Internally, Node keeps an event loop of functions to be completed in sequence. Hence, the code written by you never has to deal with the complexities of multi-threading.  In addition to this, however, Node has something called "non-blocking IO", where calls to IO are run on another thread, and when the work is completed the callback function is put in the event loop.  In this way Node can be servicing many IO operations at once while still remaining responsive to events not requiring any IO.  This makes a dramatic improvement to the performance because typical IO calls are very slow when compared to in-memory operations.

Note that this callback mechanism will 'loose' the stack trace containing what function called for the initial IO request.  This can be problematic when debugging and work is being done to address this soon. However, this also keeps the stack from getting very deep.  Shorter stacks are very beneficial because recursive algorithms can be taken advantage of in places where they would traditionally produce a stack overflow.  However, caution must be used when doing this because some callbacks, especially those not making IO requests, will not make use of the event loop and therefore will add to the stack growth.  

Install node.js and npm

Node was developed on the Linux platform, and functions best there, but it also works on Windows and OS X. The examples here were run on Ubuntu 11.10 but they should work without much effort on the other platforms. Installers for Windows and OS X can be downloaded from the main site http://nodejs.org/.

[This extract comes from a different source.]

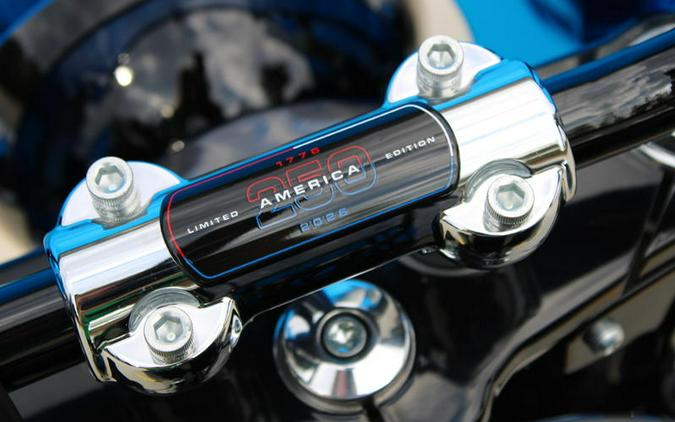 2026 Harley-Davidson® FLHC - Heritage Classic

Unfortunately, the Ubuntu repository does not keep up with the latest releases due to rapid growth surrounding Node.  You can download the Node source from http://nodejs.org/. However, to simplify the install process for the latest stable version on Ubuntu just run the following:

sudo apt-get install python-software-properties
sudo add-apt-repository ppa:chris-lea/node.js
sudo apt-get update
sudo apt-get install nodejs
sudo apt-get install npm

Notice that the last step installed the Node package manager.  Node is capable of supporting many kinds of network applications, but it is just a platform.  Most of the heavy lifting is done by a rich set of community supported modules.  Because of the large number of developers familiar with JavaScript the list of useful modules has grown very quickly.  To help in finding that perfect module to simplify your task and brighten your day they have put together a cool NPM search tool.

The examples below will use the following modules.  Take some time to visit their sites.  These modules have a lot to offer that we do not have time to demonstrate here.

 
Use npm to install the modules we need for our simple examples.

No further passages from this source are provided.